# Boots that won't shrink



## PBH (Nov 7, 2007)

yes -- another boot thread...

Finding good boots is hard. In the last few years I've blown out Danner's and Merrell, destroyed the footbeds in Columbia, shrunk Under Armour, and worn through Kenetreks.


I really liked my Under Armour Speedfreak boots - but they only lasted 1 year. I can still wear them, but when I put them on I feel like my toes are pointing to the sky. I also believe they are the culprit for my plantar fasciitis.

Merrell seemed OK, but my last couple pair of shoes haven't had much arch support (ie: plantar pain).

Danner is out of the question. I think they are garbage. Same with Columbia.

Kenetrek was a disappointment. But, to their credit, I only used their Bridger Ridge day hikers. They didn't last 1 season before falling apart (sides blown out). It was really about 3 hikes. They sucked.


So - where do I look now? I'm hesitant to drop $400 on a pair of heavy Kenetrek Mountain boots. I'd like something that can handle hiking in wet conditions (ie: hunting in / after a rain storm). Am I destined to just buy a new pair of hikers every year? What do you guys wear?


(FWIW -- I LOVE Under Armour shoes. So do my feet!)


----------



## twinkielk15 (Jan 17, 2011)

I picked up a pair of Lowa Tibet GTX boots a while back and absolutely love them. I am over 300 pounds and hunt mostly elk and chukar so my priorities were arch support, ankle support, and all-weather traction. They have been the best boots I've ever owned in all three of those categories. I would qualify that statement by adding that they are also the only pair of boots I've ever shelled out that kind of money for so I cannot make any comparisons of other boots in that price range. Prior to that I've always purchased boots in the $200 range. Anyway, I don't hesitate to recommend them to anyone.


----------



## Packout (Nov 20, 2007)

I have worn Danners, Merrills, Vasque, Asolo, Columbia, and some others. Columbias feel the best and wear ok-- but they are cheap enough to replace more often. 

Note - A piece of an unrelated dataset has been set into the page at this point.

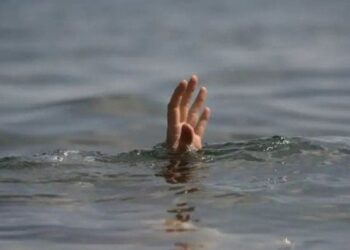 நீச்சல் தடாகத்தில் மூழ்கி சிறுவன் பலி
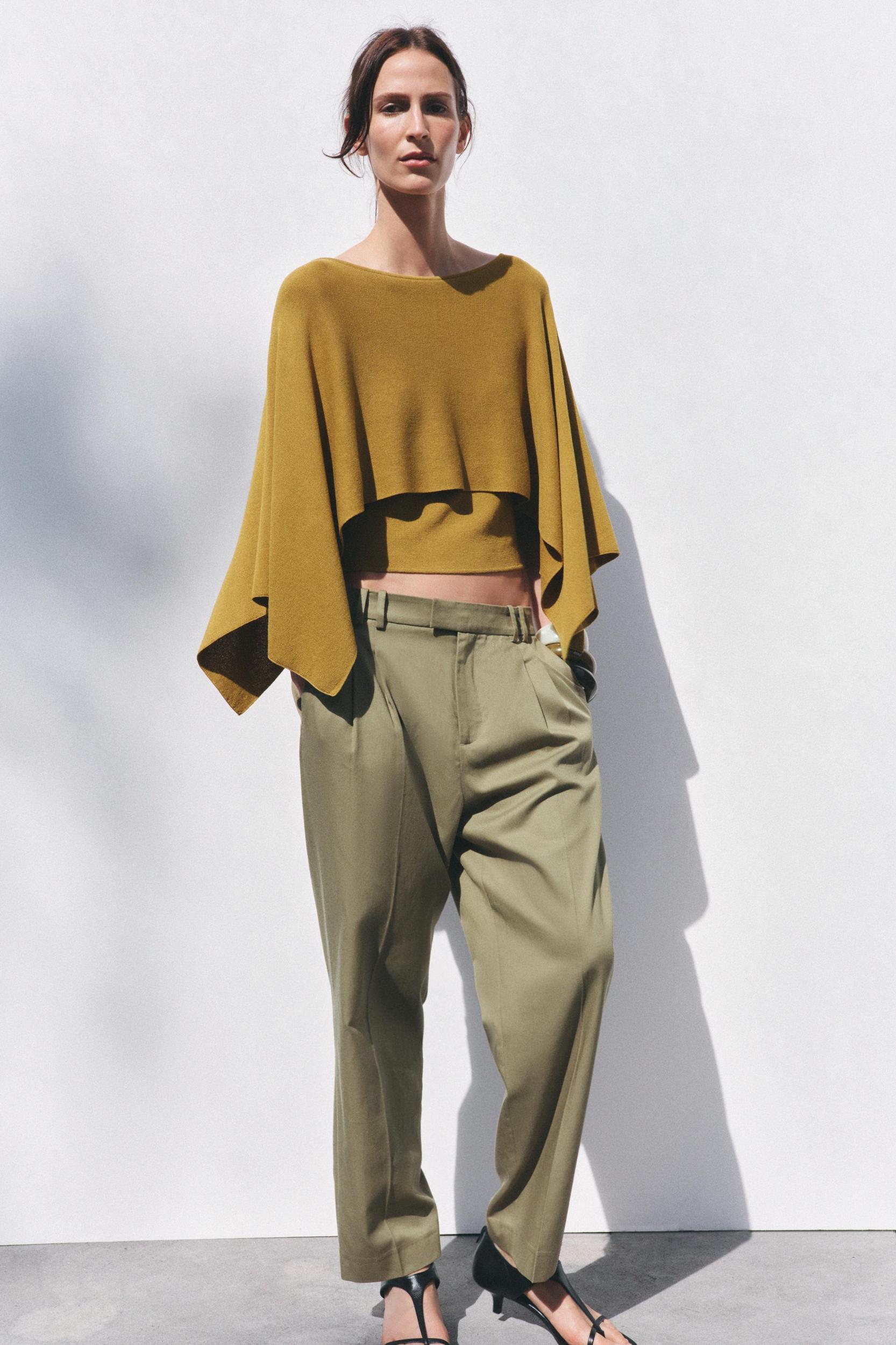 LAYERED KNIT TOP Product Image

The Asolo boots have worn very well and are comfortable, just a touch stiff, which I don't mind. They seem well built too. Might be worth a look, depending on what you like. I have found them for $120-200, depending on the style. 

I tried on Zamberlains but they never felt good. Watched a buddy struggle through the "break-in" period and his leaked. I've also seen Kenetrek boots fail after a year. So I just buy a comfortable boot more often for less money and figure it all comes out about the same in the end....

..


----------



## wyogoob (Sep 7, 2007)

twinkielk15 said:


> I picked up a pair of Lowa Tibet GTX boots a while back and absolutely love them. I am over 300 pounds and hunt mostly elk and chukar so my priorities were arch support, ankle support, and all-weather traction. They have been the best boots I've ever owned in all three of those categories. I would qualify that statement by adding that they are also the only pair of boots I've ever shelled out that kind of money for so I cannot make any comparisons of other boots in that price range. Prior to that I've always purchased boots in the $200 range. Anyway, I don't hesitate to recommend them to anyone.


I hung around the guides up in Cody WY this fall and they swore by the Lowas.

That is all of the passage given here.